Andrew S. Harrill (hereinafter*120 sometimes referred to as petitioner) and Sadie J. Harrill are husband and wife residing in Rutherfordton, North Carolina. For the taxable year 1958, they timely filed a joint Federal income tax return, computed on the cash basis, with the district director of internal revenue at Greensboro, North Carolina.
Blackwelder Textile Company, Inc. (hereinafter referred to as Blackwelder) was incorporated under the laws of North Carolina in 1945 and maintained its principal office in Cherryville, North Carolina. Prior to June 6, 1958, it was engaged in the manufacture of nylon stretch yarns and ladies' hosiery in separate divisions located in Cherryville and Rutherfordton, respectively. In 1947, petitioner and Joseph J. Immerman purchased equal interests in the outstanding capital stock of Blackwelder, consisting of 440 shares of common stock having a par value of $100 per share. Thereafter the stock was reissued, and held as follows:
Joseph J. Immerman | 220 shares |
Andrew S. Harrill | 219 shares |
Sadie J. Harrill | 1 share |
On April 14, 1954, petitioners and Immerman entered into the following written contract whereby petitioners*121 agreed to sell the 220 shares of Blackwelder stock which they owned to Immerman:
THIS CONTRACT, Made and entered into this 14th day of April, 1954, by and between A. S. HARRILL and SADIE JENKINS HARRILL, of Rutherfordton, North Carolina, parties of the first part, and J. J. IMMERMAN, of New York City, New York, party of the second part,
WITNESSETH:
That, for and in consideration of the sum of $1.00 paid by the party of the second part to the parties of the first part, and in consideration of the terms and conditions of this indenture, the parties hereto do hereby contract and agree as follows:
1. The parties of the first part will sell, transfer and convey unto the party of the second part 220 shares of stock of Blackwelder Textile Co., Inc. for a total consideration of $80,000.00, payable according to the following schedule
$10,000.00 cash upon execution of this agreement and delivery of said shares of stock to Charles Rosenstein, escrow agent, as hereinafter provided;
$5,000.00 on October 1, 1954, and
$5,000.00 at the end of each six months thereafter until the contract price shall have been paid in full.

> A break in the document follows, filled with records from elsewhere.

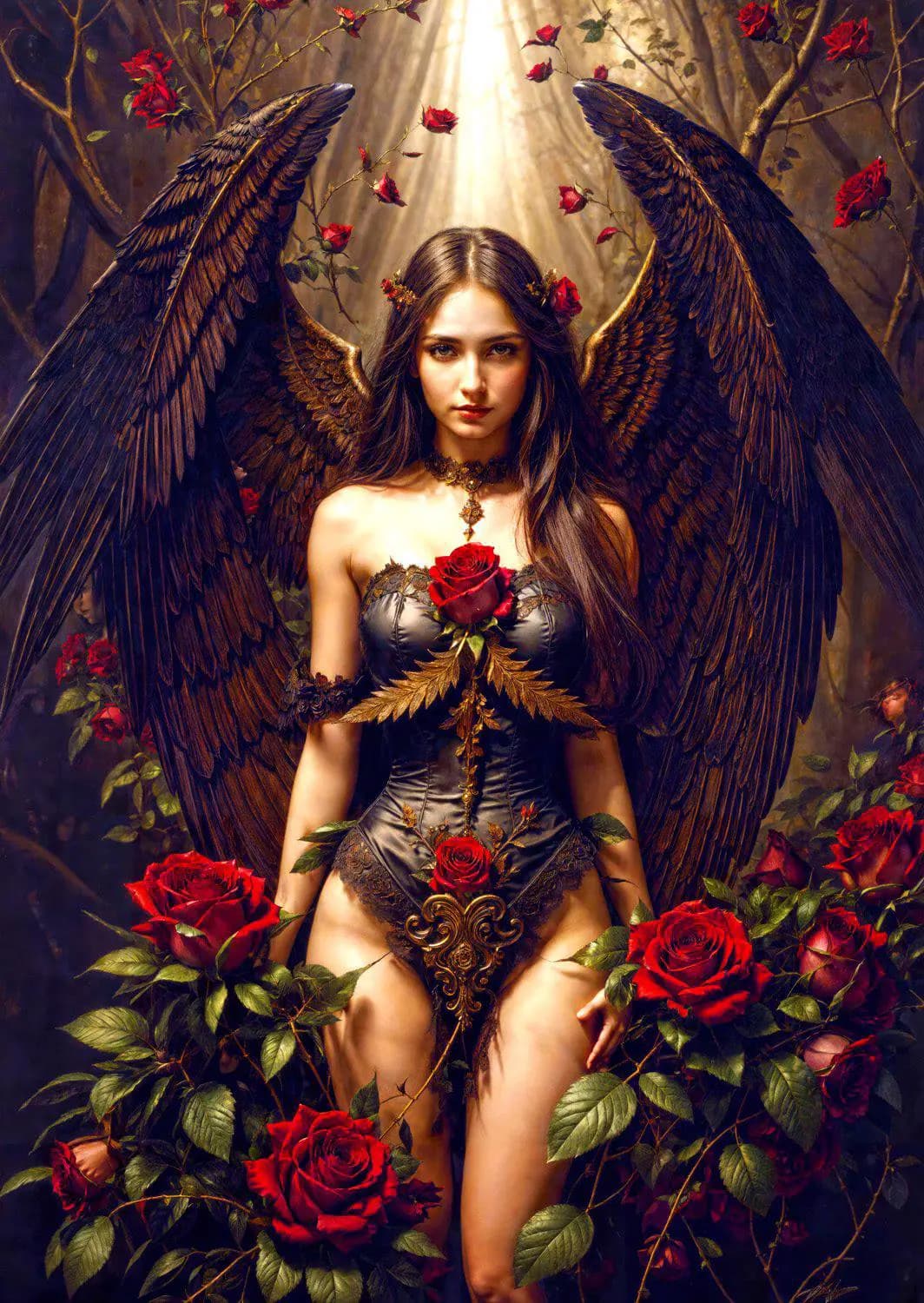 Enjoy - Puzzle Dark Angel - 1000 dielov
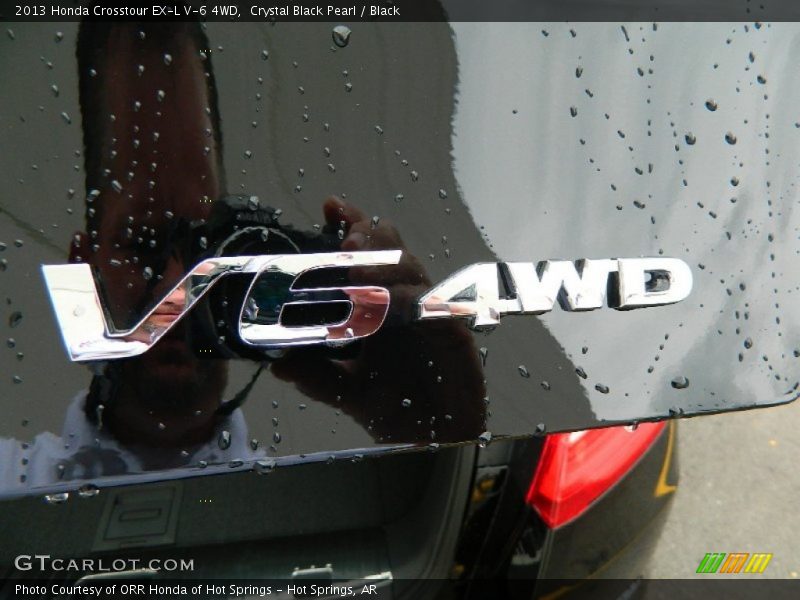 Crystal Black Pearl / Black 2013 Honda Crosstour EX-L V-6 4WD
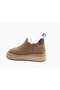 Genuine Suede Leather Camel Color Women's Boots with Fur Inside - 2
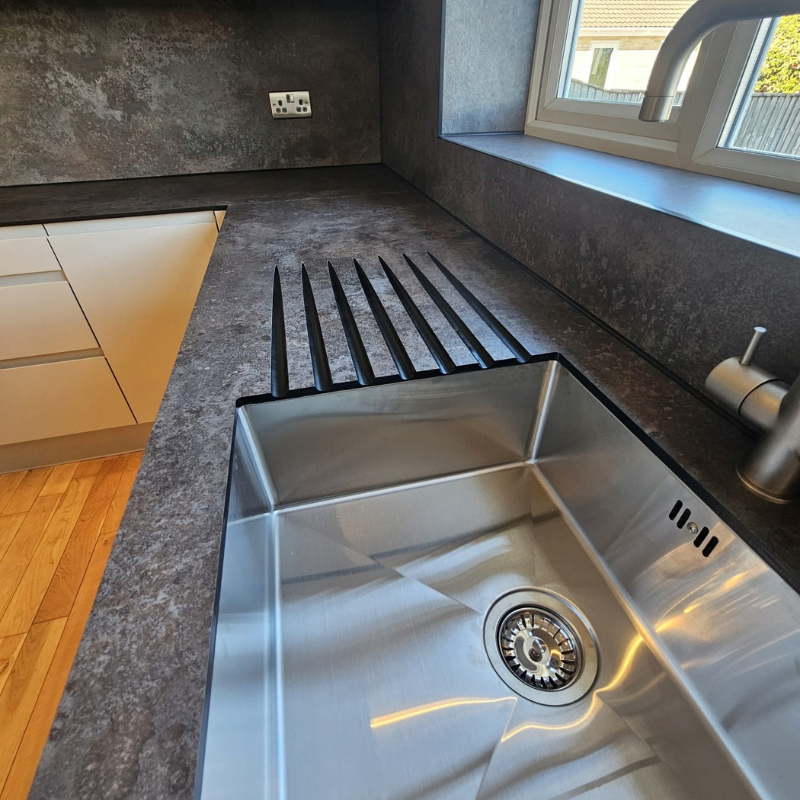 dark stone effect worktops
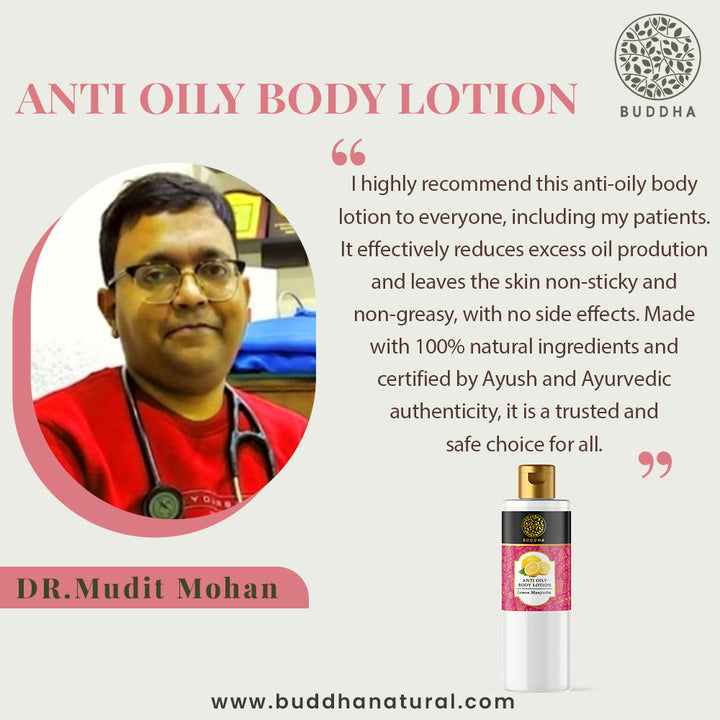 Anti Oily Body Lotion | Balance Skin Oil Level | Chemical Free & Natural | 150 ML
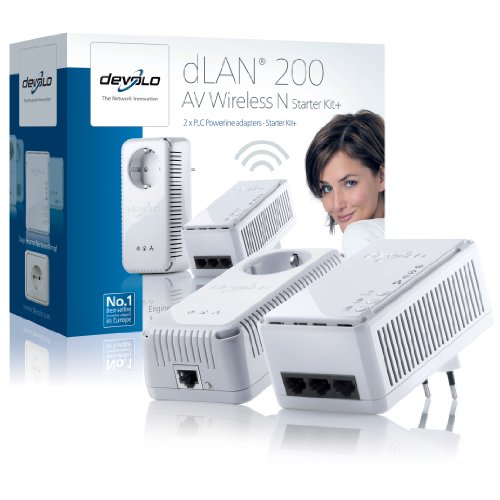 Devolo dLAN Wireless Extender Starter Kit (200 AV plus) wei&szlig;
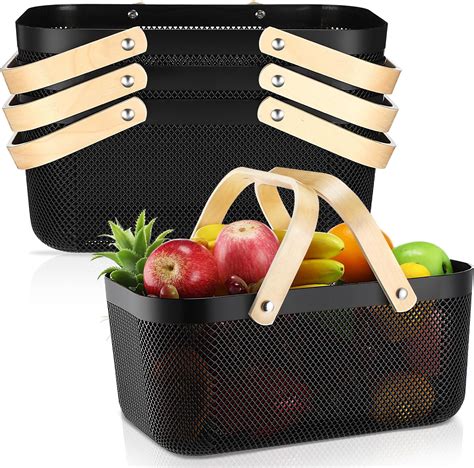 Amazon.com: MACOIOR Portable Garden Harvest Basket-Mesh Design Natural ...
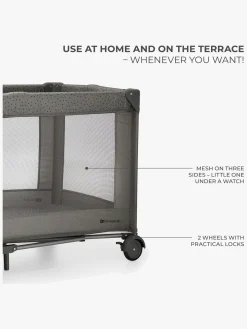 Kinderkraft JOY 2 Weekendseng med Tilbehør, Dark Grey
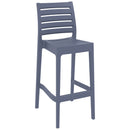 Compamia Sky Ares Square Bar Set with 2 Barstools Black/Dark Gray/Taupe/White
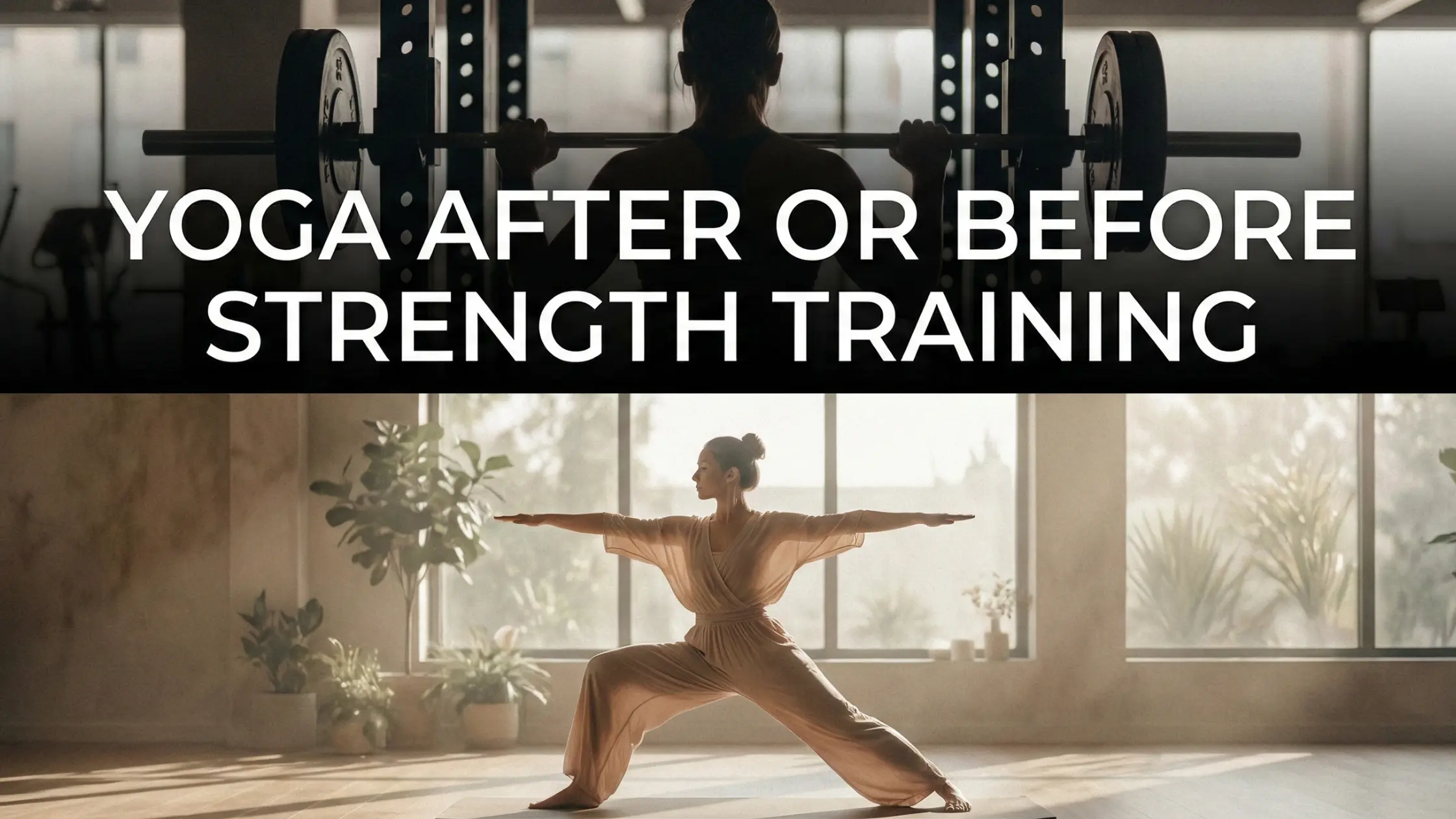 Yoga Before or After Strength Training: A Complete Beginner Guide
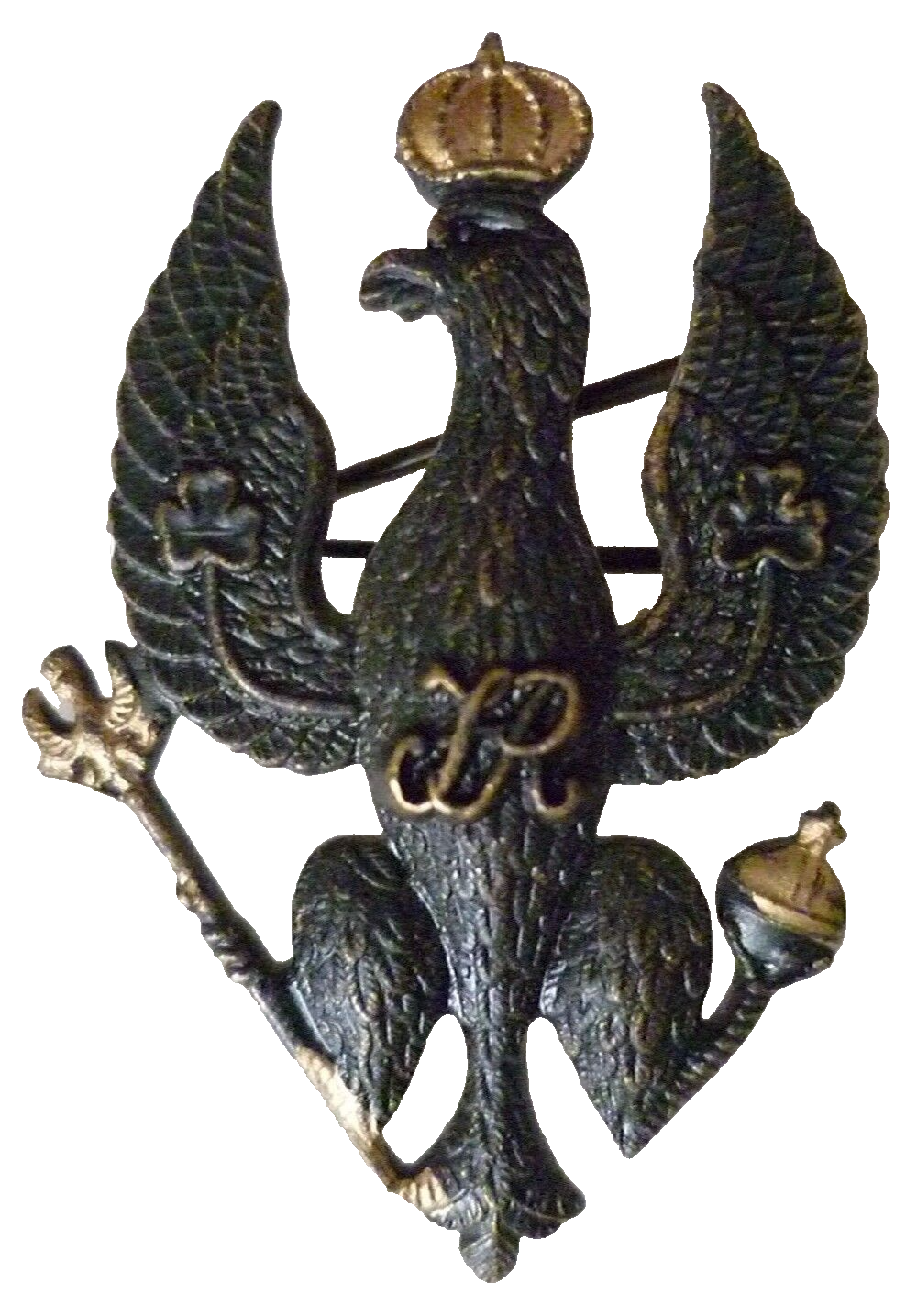 Kings Royal Hussars Cap Badge Brass 2 Lugs 32 mm Antique Original Main Image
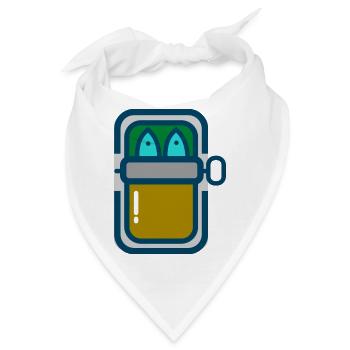 acciughe anchovies sardellen dosenfisch sardine - Bandana - Weiß - Vorne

The party of the second part shall execute a note in the amount*122 of $70,000.00 to secure all deferred payments (to-wit, all payments exclusive of the original $10,000.00 paid at the time of execution of this agreement), said note to provide for the payment of installments of $5,000.00 each six months after April 1, 1954, until the contract price has been paid in full, together with interest at the rate of 2% per annum, which shall be payable semiannually on the dates fixed for the payment of principal installments.
2. The party of the second part agrees to purchase all stock of the parties of the first part, to-wit, 220 shares of Blackwelder Textile Co., Inc., for a consideration of $80,000.00 and to pay said contract price according to schedule set out in paragraph 1 above.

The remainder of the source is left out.